Digo humilde y digo bien, porque en realidad perder el miedo
a la página en blanco es bien sencillo: basta con ponerse a redactar en una que
ya esté escrita. Esta perogrullada, que suena a chiste fácil, es sin embargo una
argucia ideal para hacer que el cerebro se reactive y comience a funcionar. Y
ello es así, porque cualquier excusa es buena para iniciar ese proceso creador
o, como yo siempre digo, el proceso recreador. No somos creadores porque crear
es sacar de la nada y ésa es una capacidad irrealizable para los humanos. Somos
solo (y nada menos que) recreadores que con trozos de realidad vividos tratamos
de forjar soñadas ficciones.
El público buscando historias en el periódico del día.
Entre los trucos para vencer la pereza inicial, buscar la
inspiración y atraer a las musas hay varias propuestas posibles que nos
ayudarán en nuestra tarea: rebuscar en nuestra memoria (rememorar) y en nuestro
corazón (recordar), leer a los clásicos (y todo lo demás que caiga en nuestras
manos), tener inquietud artística y cultural, estar informados, escuchar y
observar todo aquello que pase a nuestro alrededor e incluso elegir palabras al
azar para, componiendo con ellas una frase casual cualquiera, arrancar la
narración. Algo parecido a aquel juego del “cadáver exquisito” con el que se
divertían los surrealistas franceses en los felices veinte del siglo pasado.

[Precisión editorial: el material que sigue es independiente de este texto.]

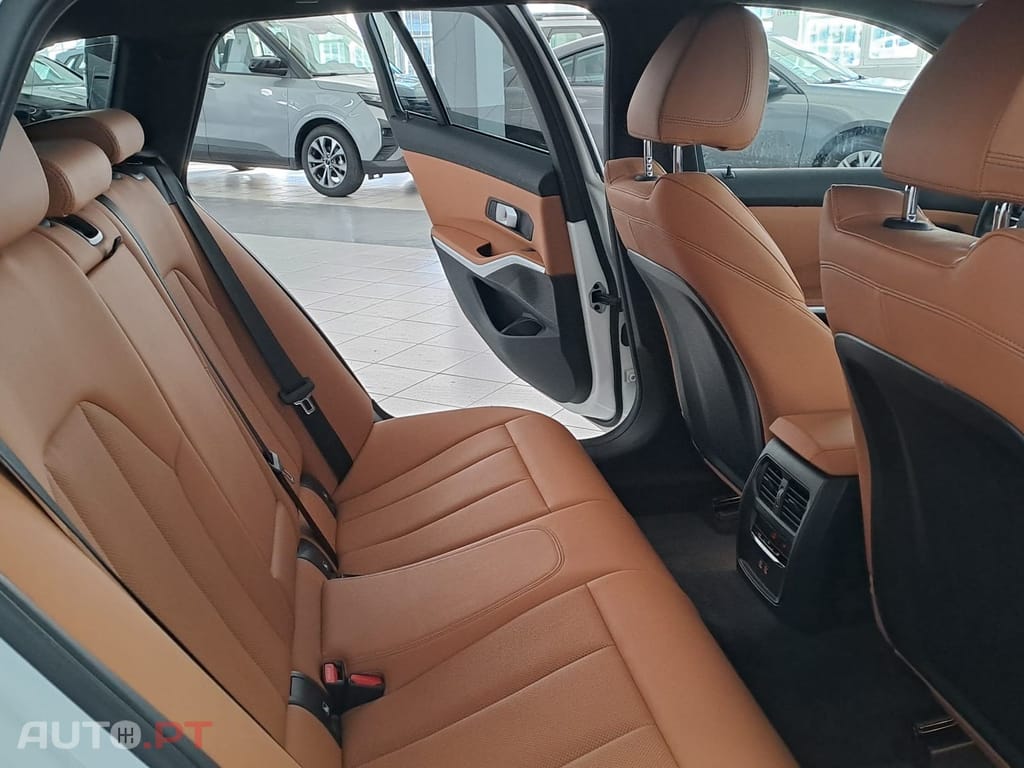 BMW 320 e Touring Pack Desportivo M Auto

Todo vale si es para incentivar la creatividad. Ya lo dijo Picasso: "La inspiración existe, pero tiene que encontrarte trabajando". En definitiva, se trata de
vivir, sobre todo vivir, pero almacenando experiencias y conocimientos que
luego utilizaremos como materia prima de nuestra fantasía.

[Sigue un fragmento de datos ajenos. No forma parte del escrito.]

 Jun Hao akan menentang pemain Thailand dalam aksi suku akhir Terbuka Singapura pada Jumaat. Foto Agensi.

En realidad soy de la opinión de que todas las historias
están ya escritas. Ya, en el siglo primero, Ovidio recopiló en “Las
metamorfosis” casi todos los argumentos de los que es posible hablar y escribir.
Lope, Cervantes, Calderón y Shakespeare bebieron de él, y nosotros nos
emborrachamos de Shakespeare continuamente. Una y otra vez, nos vamos fusilando
unos a otros desde entonces.
En un momento de la charla, con el ejemplo de "Arrugas".
La diferencia y originalidad consiste en imprimir nuestra
particular visión sobre ellos. Es decir, escribir desde nuestro punto de vista,
con nuestra mirada única y exclusiva. Eso es lo que hará también exclusivas y
únicas nuestras historias. Por eso Shakespeare es único e inimitable, no por
sus argumentos, sino por su mirada, por su forma de contarlos.
Cuenta Steven Spielberg que, cuando era solo un chico de los
recados en una major americana, en cierta ocasión tuvo que llevar un paquete a
John Ford. Aprovechando la visita, le confesó nervioso su admiración y su deseo
de ser director y le pidió que le diera algún consejo. Ford le señaló una foto
enmarcada que tenía en la pared y le preguntó: “¿Qué ves ahí?” El joven
Spielberg respondió: “Una imagen del Monument Valley”. “¿Y dónde está la línea
del horizonte?”, continuó Ford. “Un poco más baja de lo que sería normal”,
respondió el ilustre meritorio. “Pues cuando sepas dónde colocar tu línea del
horizonte” —sentenció el irlandés— “habrás dado el primer paso para ser
director”.
Ése debería ser nuestro objetivo: encontrar nuestra mirada
propia sobre lo que escribimos. Por eso siempre finalizo mis charlas y talleres
con aquel poema de Walt Whitman que recitaba
el inolvidable profesor John Kitting —por boca de Robin Williams— a sus alumnos
en “El club de los poetas muertos” de Peter Weir:
Oh, Capitán! Mi capitán!
¡Oh, capitán! ¡Mi
capitán! Levántate y escucha las campanas;
levántate, izan la
bandera por ti, por ti suenan las cornetas;
por ti ramos y cintas
de coronas, se amontonan por ti en las riberas.
¡Levántate! ¡Levantaos todos!
Y todos se levantaron, poniéndose en pie sobre sus sillas. Y
desde allí, medio metro más arriba de lo que era normal, encontraron su particular
línea del horizonte, su nueva perspectiva, su mirada propia.
Recordad siempre que todas las historias están ya escritas…
Todas ¡excepto la tuya!
Sed felices! ;)
Todos en pie sobre sus sillas, buscando un nuevo punto de vista del horizonte.